Repeat exactly the lines below, from the line containing "Madagascar Tahitianis vanilla pods" through the last line, both included. Leave out any pictures.

### Data supplied ###

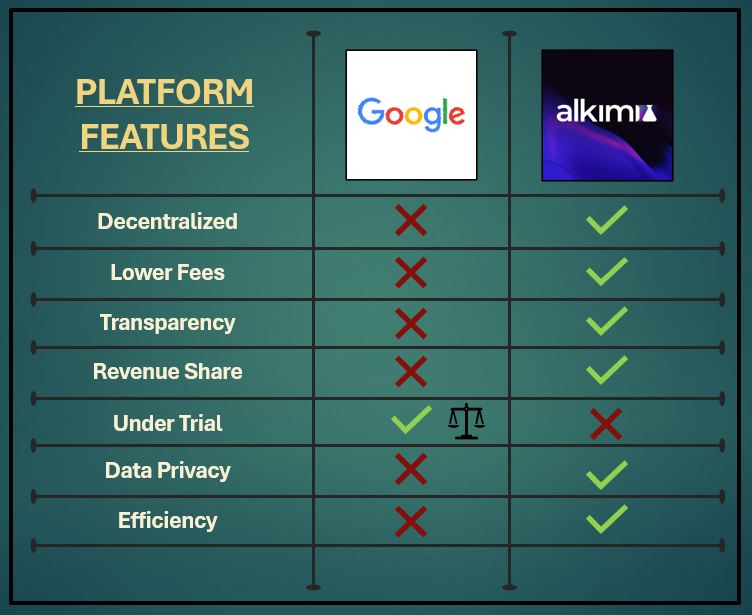 🚨 Google's monopoly status could be crumbling!

Startups in #DigitalAdvertising are gearing up to seize the moment.

𝐇𝐞𝐫𝐞'𝐬 𝐚𝐥𝐥 𝐲𝐨𝐮 𝐧𝐞𝐞𝐝 𝐭𝐨 𝐤𝐧𝐨𝐰 👇
________________________

Introduction:

The U.S. Department of Justice (DOJ) sued Google, accusing it of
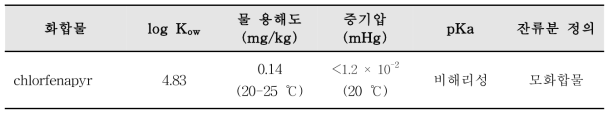 chlorfenapyr의 물리화학적 특성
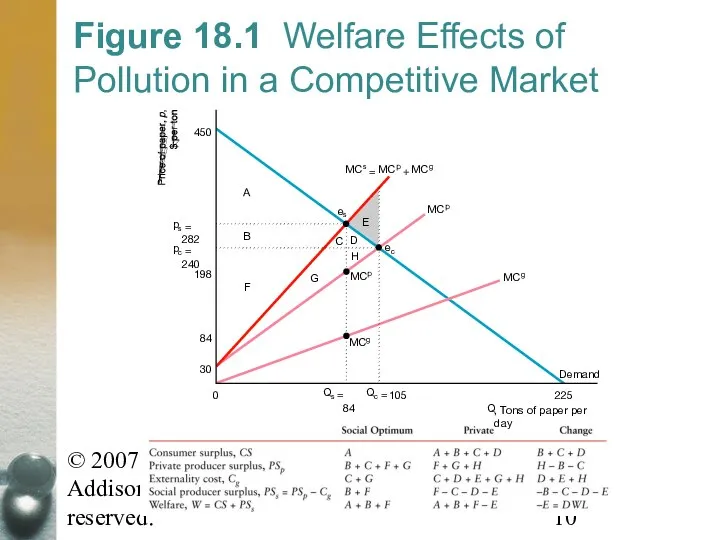 © 2007 Pearson Addison-Wesley. All rights reserved. Figure 18.1 Welfare Effects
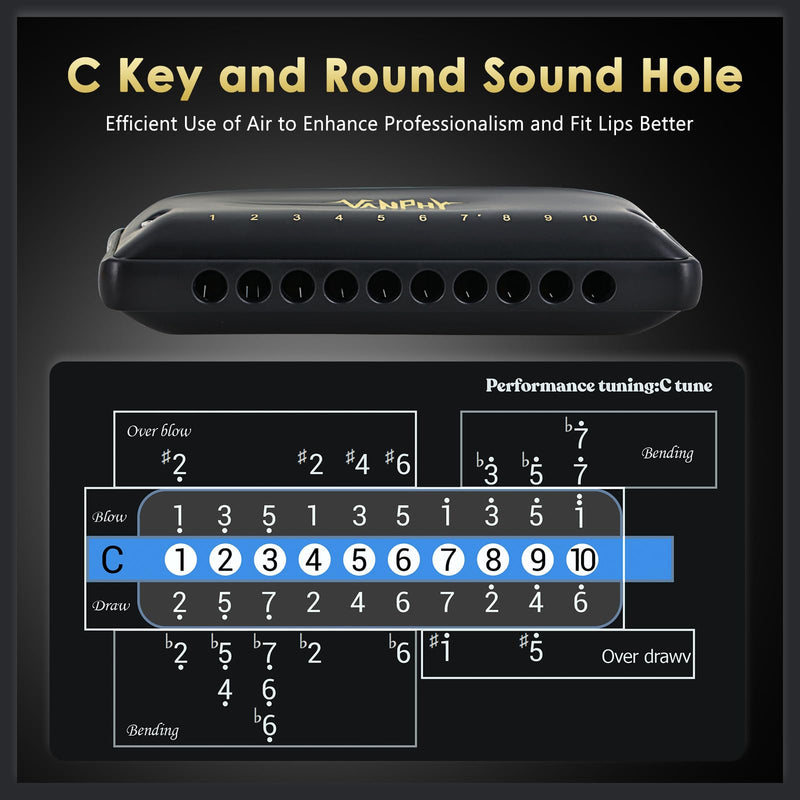 [AUSTRALIA] - Harmonica VANPHY C Harmonica 10 Holes 20 Tones Blues Diatonic Mouth Organ for Kids Beginners Students Adults & Professionals with Case（Black） Black 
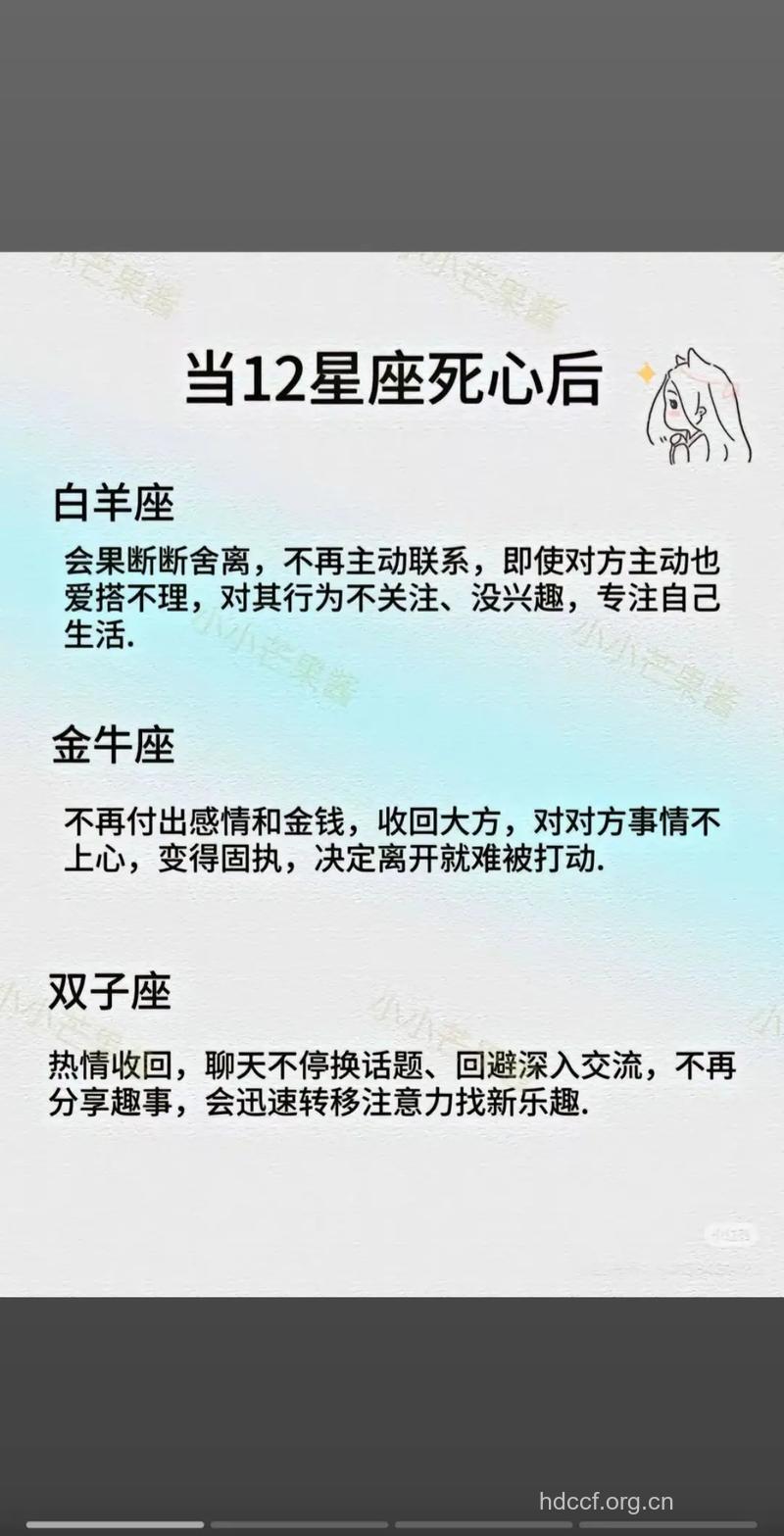 12星座世界末日前夕如何度过?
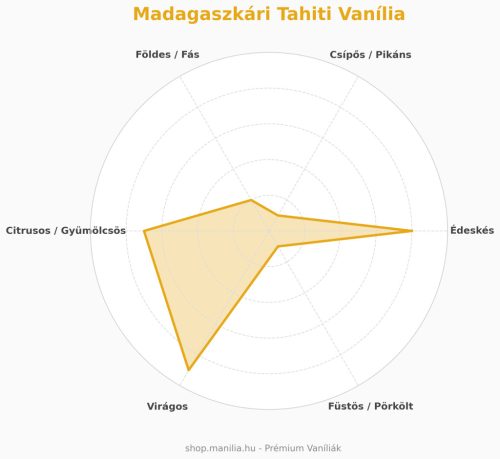 Madagascar Tahitianis vanilla pods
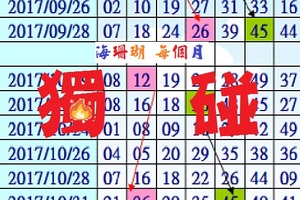 蔚藍深海~海珊瑚六合版-每個月的獨碰11/28精彩不間斷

###

Finished exercise:
 Madagascar Tahitianis vanilla pods
 蔚藍深海~海珊瑚六合版-每個月的獨碰11/28精彩不間斷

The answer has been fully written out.